The story is set in 1989 in the New Mexico desert, where Lou Langston (Stewart) manages a gym that’s grungy enough to make you want a tetanus shot before going in. It’s also where she sees Jackie (Katy O’Brian), an itinerant bodybuilder who’s passing through town on her way to a competition in Las Vegas. They fall into bed together, but when Lou’s scumbag brother-in-law (Dave Franco) beats her sister (Jena Malone) badly enough to put her in a coma, it’s Jackie who breaks into his house and kills the absolute crap out of him. She might act more circumspectly if she knew that the FBI is sniffing around Lou, though the feds are less interested in the steroids that Lou is using and dealing and more in her crime-boss father (Ed Harris), who’s illegally running guns south of the border. Good thing Lou knows how to dispose of a dead body, because it’s not the last time her skill will be called on.
If you saw Saint Maud, you know that Glass lives in the place where kitchen-sink realism meets nightmare hallucinations, and she captures the dry heat of New Mexico the way she got the cold damp of the English shore in her previous film. She inserts a number of shots of Jack’s muscles bulging like Bruce Banner turning into the Hulk, and I’m not enamored with the way that pays off — the climax makes sense on a metaphorical level, but it’s unavoidably silly in its appearance. Better stuff comes in the gory violence in both the film’s reality and unreality. The murders are splattery, and you won’t be able to unsee the sequence when Jack imagines vomiting up Lou whole at the bodybuilding contest. The shootout in Lou’s apartment is ingeniously staged, too, as Lou looks at her TV screen and spots the reflection of the crooked cop (David DeLao) whom her dad has sent to kill her.
O’Brian has acted on The Walking Dead and The Mandalorian, and where most films would cast some skinny actress and have her pack on 20 pounds of muscle for the part, this one casts someone who actually looks like a woman who could detach a man’s lower jaw from his face with her bare hands. The chemistry between the two leads is supposed to be instant and hot, and these actresses do have that. (I have one word to describe the sex scenes between them, and that word is “fisting.”) We’ve seen Stewart play these jittery, nervous, self-lacerating types before, but under Glass’ direction she somehow turns it up so that she infuses the entire film with her frazzled energy.
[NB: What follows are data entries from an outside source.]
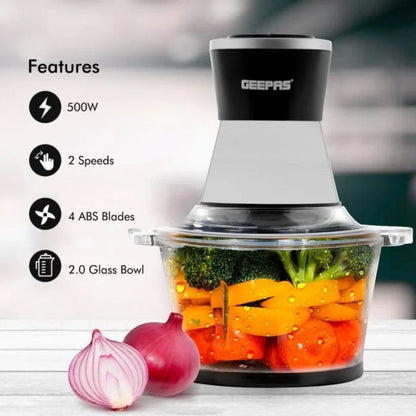 Geepas 500W Multi Chopper with 2L Glass Bowl, 4 Stainless Steel Blades, Copper Motor, 2-Speed Control, Overheat Protection, Safety Lock – GMC42021 - Damoo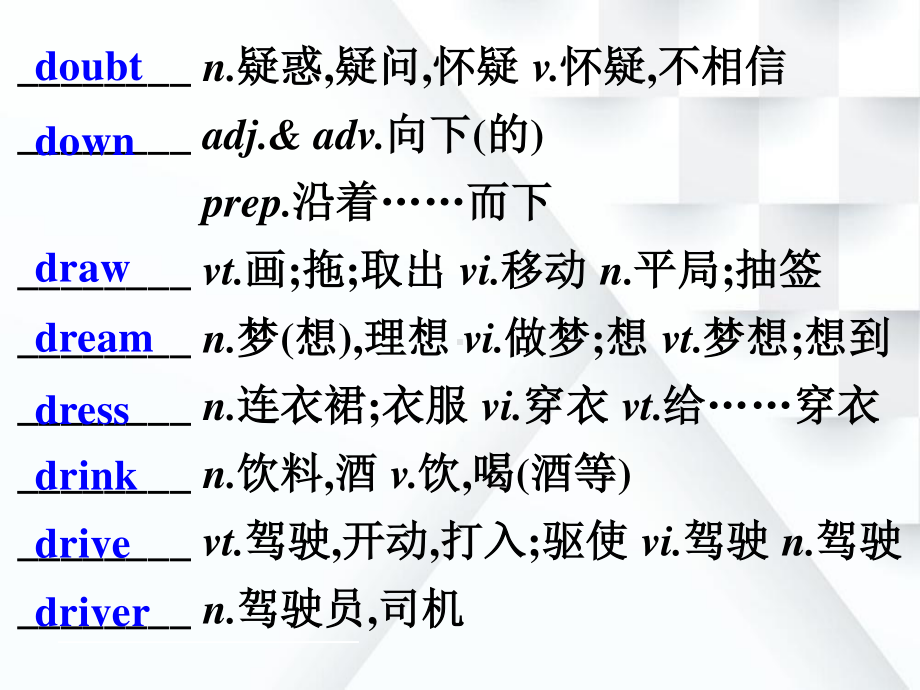 高中英语二轮复习词汇速记课件汉译英版 Day 8.ppt_第2页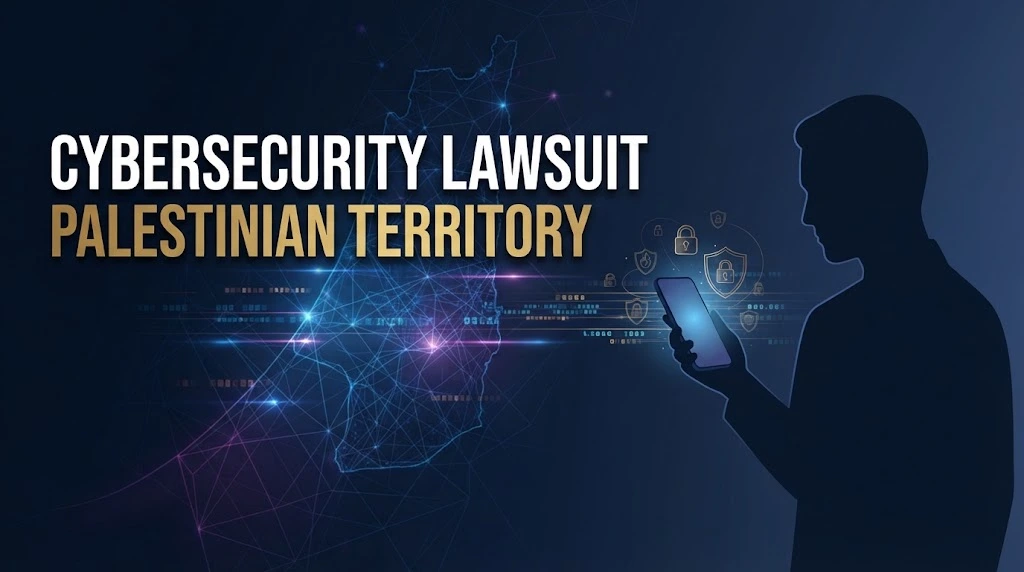 cybersecurity lawsuit palestinian territory headline over digital surveillance network graphic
Like a 15-pound free weight to the back of the head, the irony strikes me that even though the setup is similar to Ethan Coen’s Drive-Away Dolls, this movie is far more like a Coen brothers movie than that one. Every time anybody makes a plan, somebody comes along and fouls it up, like when Jackie’s insistence on attending the competition in Vegas results in additional bloodshed despite Lou warning her about how leaving town will make her look. Lou’s method of body disposal is meant to call attention to itself, but while it does draw law enforcement to the scene like she wants, it also signals to her dad that she’s involved. Separately, both women are forced into sex and murder that they’d rather not take part in. Against this backdrop (and the time period and Lou’s dad trying to drive a wedge between them), the romance seems more urgent. This is one romantic film that successfully shakes you by the lapels.
Some have compared this movie with Thelma & Louise, but I think the better comparison might be Pulp Fiction, whose down-at-the-heel aesthetic clashed with the other movies of 1994 the way Love Lies Bleeding jars with the other multiplex fare today and makes it look timid by comparison. If Rose Glass’ film has neither the same easy mythological resonance of Ridley Scott’s epic nor the lowbrow hilarity of Quentin Tarantino’s masterpiece, it does have a phantasmagoric dimension that distinguishes it from even that august company. It’s thoroughly disreputable. I want more.